By definition, "punitives" serve as the noncriminal equivalent of a fine. One difference, however, is that any fine cannot exceed whatever maximum the legislature established in the statute criminalizing the particular aberrant behavior. Punitive damages, by contrast, have no limit.

Punitive damages contrast with fines in yet another way. Every penny of a fine goes either to the state's general fund or (in rare instances) to particular legislative appropriations. By comparison, the public gets no part of an award for punitive damages. Instead, after deducting the lawyer's fee, the plaintiff pockets all the rest.

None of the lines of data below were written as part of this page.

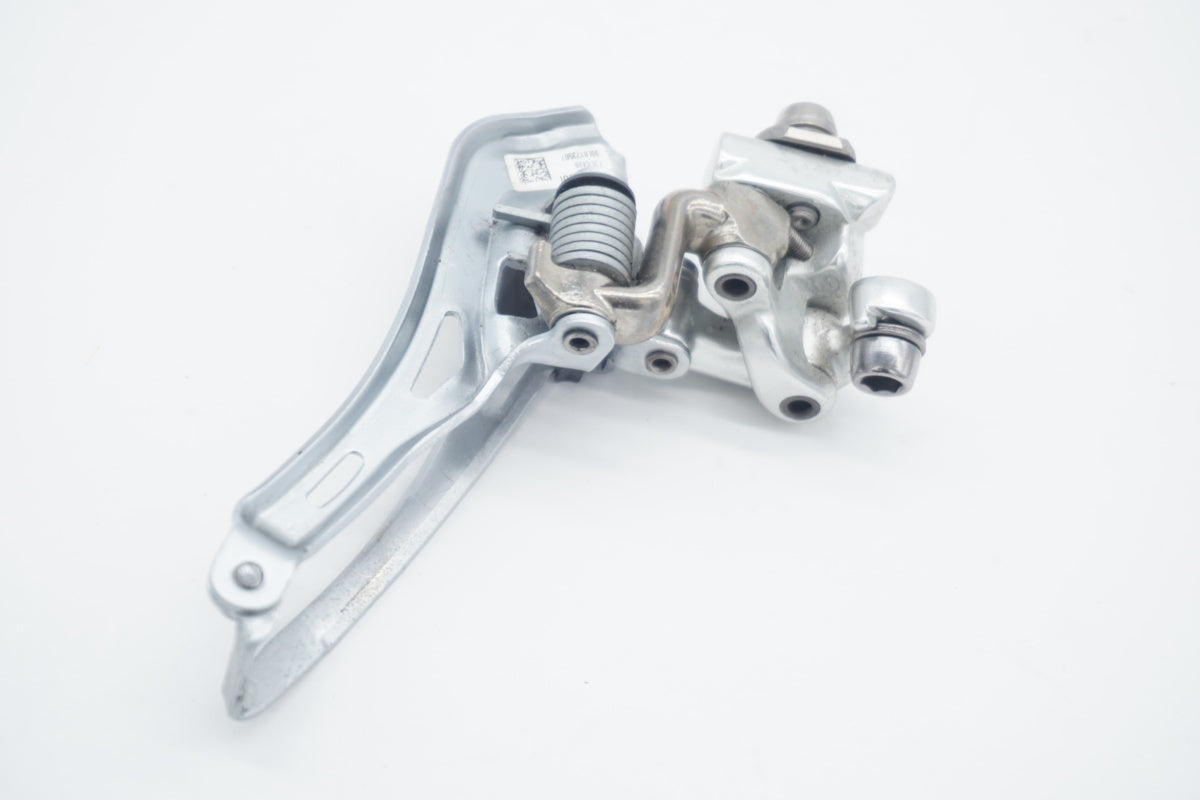 箱おまけ　Campagnolo　カンパニョーロ　フロントディレイラー CAMPAGNOLO 「カンパニョーロ」 RECORD フロントディレイラー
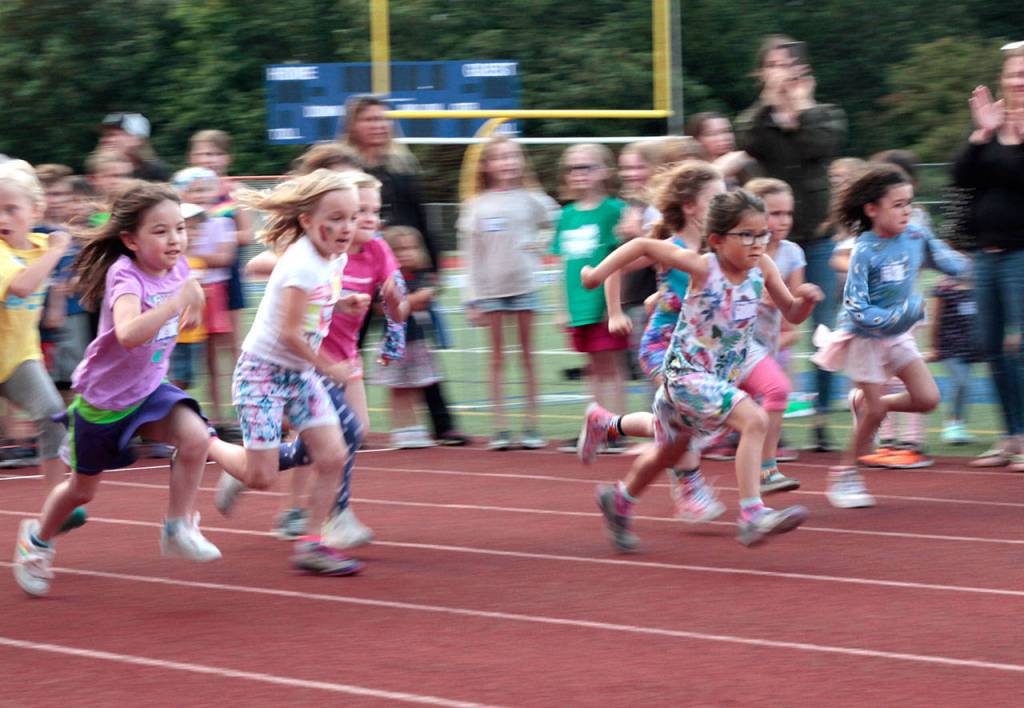 All-Comers Track Meet sees stellar second showings in all events | Photo gallery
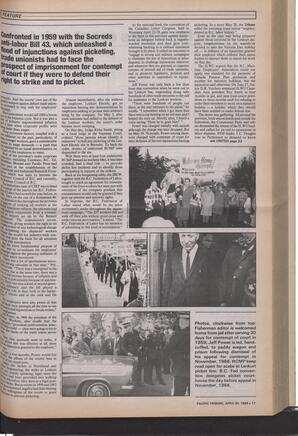   The Pacific Tribune - Wednesday, April 30, 1986   , page 17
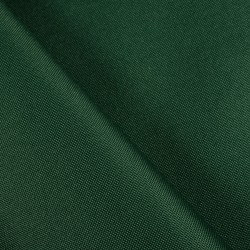 Ткань Оксфорд 600D PU, Темно-Зеленый (на отрез)  в Саратове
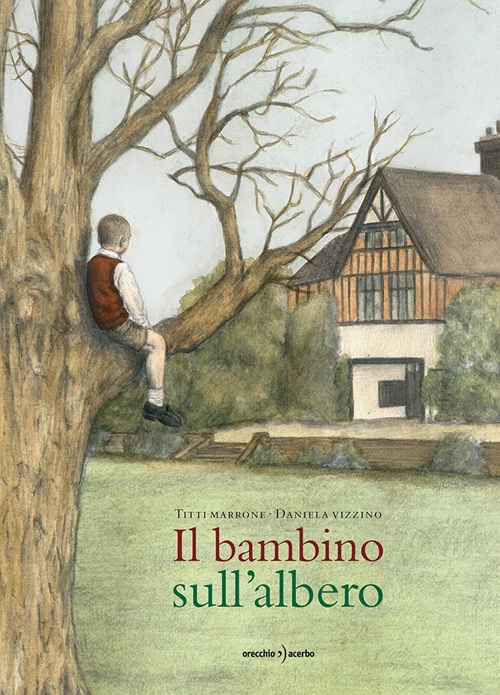 Il bambino sull'albero, Titti Marrone, Daniela Vizzino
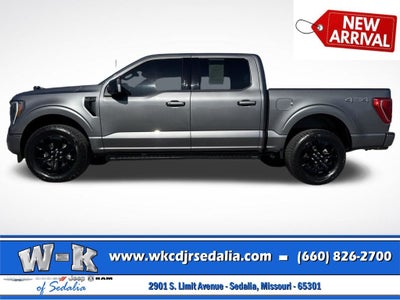 2023 Ford F-150 XLT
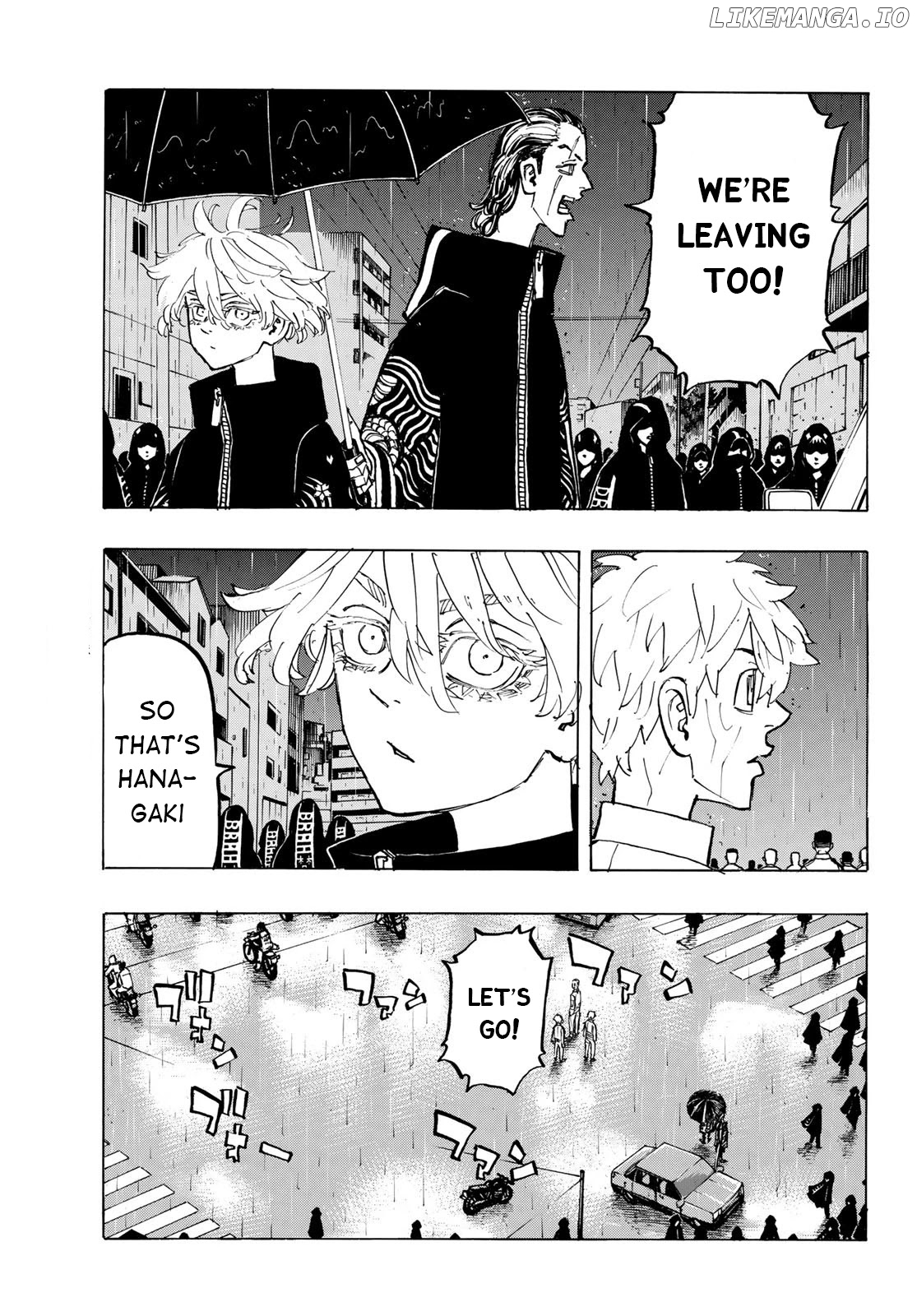 Read Tokyo Manji Revengers EN Manga Online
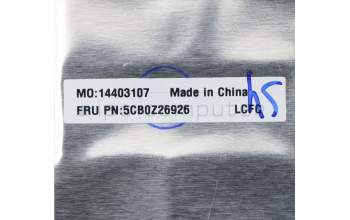 Lenovo 5CB0Z26926 COVER Upper Case ASM_IT L 82D4 DM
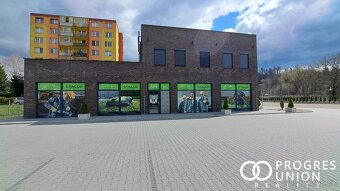 Pronájem obchodních, kancelářských  prostorů 300m2 - 2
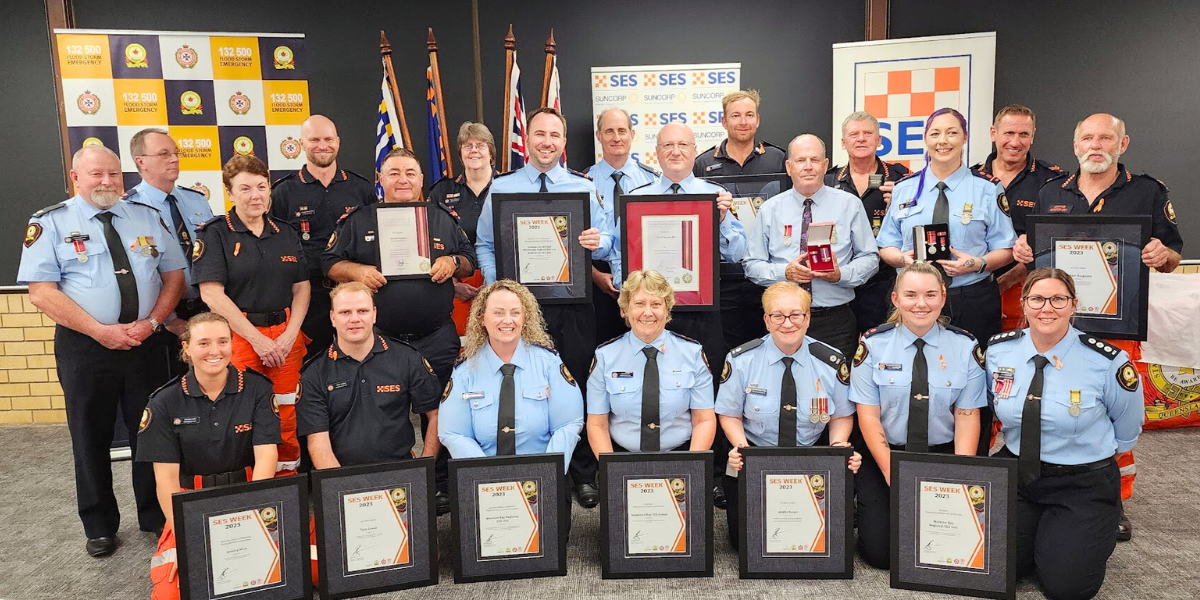 Funding boost of over $50,000 for local SES Capability Main Image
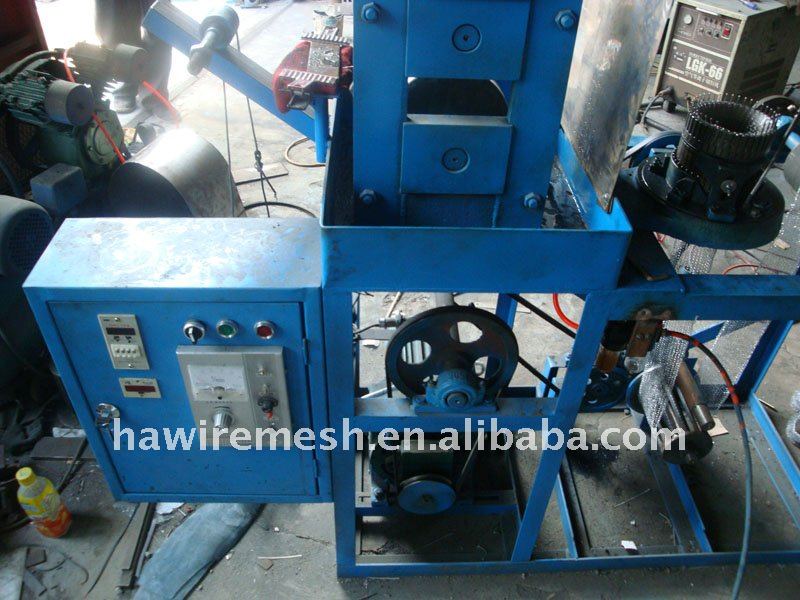 scourer machine supply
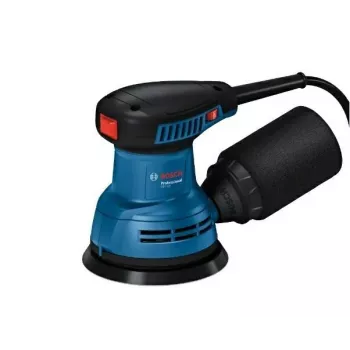 Levigatrice orbitale Bosch GEX 125 125 mm 290 W – levigatrice orbitale di finitura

Moreover, whereas judges imposing fines may be subject to some kind of legislatively imposed guidelines designed to encourage uniformity, punitive damages vary with each jury. The states themselves apply disparate standards. Some direct the jury's attention to the defendant's bad conduct as it has affected the particular plaintiff; others allow examination of the defendant's actions generally, even nationwide.

THE states vary in the degree of proof to which they hold plaintiffs. In some, mere probability suffices; elsewhere, the plaintiff must supply "clear and convincing" evidence.

A criminal defendant pays a fine once (unless he commits a second crime). A manufacturer, however, having paid punitive damages to Plaintiff A for, let's say, an improperly designed toy, may have to pay punitive damages to Plaintiffs B, C, and D, even though the conduct being punished is the same.

Worse, a defendant who pays in State X runs the risk of similar treatment in State Y. If, in our toy example, the jury in State X has imposed such a high figure that it exhausts the available insurance coverage, other possible claimants will find nothing left.

Exposure to even ordinary damages encourages defendants to exercise care. Punitive damages go farther. The idea is that fear of punishment, damages beyond the predictable, will favorably affect defendants' behavior.

Why then, the judge wondered, do we not leave pursuit of punitive damages to the government? Why should one particular plaintiff receive the windfall? Would it not make more sense and better policy to confer the proceeds of penalties for anti-social behavior on the entire public?

"How much do you think the punitives will be here?" he asked.

*Hiller B. Zobel sits on the Massachusetts Superior Court.